Some Harvard Donors Still Want It to Strike a Deal With Trump

Some Harvard Donors Still Want It to Strike a Deal With Trump  at george magazine

Harvard frantically tried to avoid a showdown with the Trump administration. Now many of its big donors are pushing the university’s leaders to back down and renew talks with the White House.

To much of academia, many on the left and some on the right, Harvard is a hero for standing up to the White House and rejecting its demands to reshape academic and student life.

After weeks of major law firms and other prestigious institutions like Columbia University acquiescing to President Trump’s demands, Harvard, in the eyes of Mr. Trump’s critics, had become the backbone of the resistance.

The Harvard Corporation, the secretive board that runs the school, said the list of changes the White House demanded in a letter on April 11 were so onerous — requiring faculty power to be reduced and government audits of university data — that the school would not agree to any of them and broke off talks with the administration.

Since then Harvard has held firm. Last week, White House and administration officials made at least three overtures to a Harvard representative in an attempt to restart talks. The school’s leadership rebuffed them all, according to two people with knowledge of the outreach. Most, but not all, members of the Harvard Corporation, emboldened, in part, by the positive reaction to the school’s combative response to the White House, are adamant that they will not so much as negotiate with Mr. Trump. On Monday, Harvard filed a lawsuit against the Trump administration in federal court, challenging its threats to slash billions of dollars from the school’s funding.

It has been a rare moment of glory for the Harvard Corporation, which is still reeling from the uproar in late 2023 that pushed the school’s former president, Claudine Gay, out of office.

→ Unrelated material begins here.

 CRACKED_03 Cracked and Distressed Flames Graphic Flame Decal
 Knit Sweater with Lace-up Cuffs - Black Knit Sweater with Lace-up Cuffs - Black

After that debacle, the board’s senior fellow, Penny Pritzker, an heir of the Hyatt Hotel fortune and a commerce secretary under President Barack Obama, told her colleagues privately that she was open to stepping down, according to three people aware of those conversations.

But the Harvard Corporation is, in many ways, an unwitting hero. For weeks leading up the April 11 letter, the corporation took a very different stance toward the Trump administration. At the urging of some of its biggest donors, the corporation frantically tried to cut a deal with Mr. Trump.